- [Exercise directions]:
Beneath this line is the data. Output exactly the lines from the line with "της οι πολιορκημένοι." to the line with "Building Photo - 10 W Way Dr", both ends included, and nothing more.

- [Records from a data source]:
+===+

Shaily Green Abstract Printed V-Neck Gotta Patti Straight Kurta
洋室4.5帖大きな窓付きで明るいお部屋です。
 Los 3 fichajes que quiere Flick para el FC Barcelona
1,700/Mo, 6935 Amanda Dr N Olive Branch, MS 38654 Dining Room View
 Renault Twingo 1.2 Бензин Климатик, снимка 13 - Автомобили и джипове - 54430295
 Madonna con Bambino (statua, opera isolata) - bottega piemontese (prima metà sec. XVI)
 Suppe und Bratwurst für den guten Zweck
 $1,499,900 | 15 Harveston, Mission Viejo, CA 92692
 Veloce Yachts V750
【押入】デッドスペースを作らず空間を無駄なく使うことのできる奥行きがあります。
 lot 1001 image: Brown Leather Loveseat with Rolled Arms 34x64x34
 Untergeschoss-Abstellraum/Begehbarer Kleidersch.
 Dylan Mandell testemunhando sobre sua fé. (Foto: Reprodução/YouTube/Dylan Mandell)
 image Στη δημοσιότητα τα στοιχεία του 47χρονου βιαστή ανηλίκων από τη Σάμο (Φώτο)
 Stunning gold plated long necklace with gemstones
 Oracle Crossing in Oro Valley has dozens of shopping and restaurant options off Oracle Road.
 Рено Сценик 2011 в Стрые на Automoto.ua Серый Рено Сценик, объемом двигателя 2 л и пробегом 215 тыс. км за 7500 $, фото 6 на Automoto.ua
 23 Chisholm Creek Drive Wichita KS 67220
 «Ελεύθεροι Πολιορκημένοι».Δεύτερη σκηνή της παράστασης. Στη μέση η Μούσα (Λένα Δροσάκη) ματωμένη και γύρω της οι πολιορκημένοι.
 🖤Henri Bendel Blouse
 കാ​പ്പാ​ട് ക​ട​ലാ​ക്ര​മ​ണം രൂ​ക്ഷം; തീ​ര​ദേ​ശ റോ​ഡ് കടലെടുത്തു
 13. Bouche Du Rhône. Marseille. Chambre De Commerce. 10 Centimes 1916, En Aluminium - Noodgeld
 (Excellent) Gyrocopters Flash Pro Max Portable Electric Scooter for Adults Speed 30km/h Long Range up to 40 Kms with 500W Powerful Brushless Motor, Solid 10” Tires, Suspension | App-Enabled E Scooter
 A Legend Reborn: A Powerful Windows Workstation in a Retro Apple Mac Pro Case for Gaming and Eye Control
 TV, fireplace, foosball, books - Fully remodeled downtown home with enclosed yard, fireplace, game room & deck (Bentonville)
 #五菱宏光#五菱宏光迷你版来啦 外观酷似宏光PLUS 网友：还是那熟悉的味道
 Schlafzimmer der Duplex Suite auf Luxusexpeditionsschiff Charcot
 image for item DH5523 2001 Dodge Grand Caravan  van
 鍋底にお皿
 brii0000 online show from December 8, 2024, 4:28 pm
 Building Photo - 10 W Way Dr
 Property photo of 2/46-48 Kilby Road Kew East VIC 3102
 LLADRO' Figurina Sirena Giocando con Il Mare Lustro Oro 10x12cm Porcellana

+===+

- [Result of the exercise]:
 «Ελεύθεροι Πολιορκημένοι».Δεύτερη σκηνή της παράστασης. Στη μέση η Μούσα (Λένα Δροσάκη) ματωμένη και γύρω της οι πολιορκημένοι.
 🖤Henri Bendel Blouse
 കാ​പ്പാ​ട് ക​ട​ലാ​ക്ര​മ​ണം രൂ​ക്ഷം; തീ​ര​ദേ​ശ റോ​ഡ് കടലെടുത്തു
 13. Bouche Du Rhône. Marseille. Chambre De Commerce. 10 Centimes 1916, En Aluminium - Noodgeld
 (Excellent) Gyrocopters Flash Pro Max Portable Electric Scooter for Adults Speed 30km/h Long Range up to 40 Kms with 500W Powerful Brushless Motor, Solid 10” Tires, Suspension | App-Enabled E Scooter
 A Legend Reborn: A Powerful Windows Workstation in a Retro Apple Mac Pro Case for Gaming and Eye Control
 TV, fireplace, foosball, books - Fully remodeled downtown home with enclosed yard, fireplace, game room & deck (Bentonville)
 #五菱宏光#五菱宏光迷你版来啦 外观酷似宏光PLUS 网友：还是那熟悉的味道
 Schlafzimmer der Duplex Suite auf Luxusexpeditionsschiff Charcot
 image for item DH5523 2001 Dodge Grand Caravan  van
 鍋底にお皿
 brii0000 online show from December 8, 2024, 4:28 pm
 Building Photo - 10 W Way Dr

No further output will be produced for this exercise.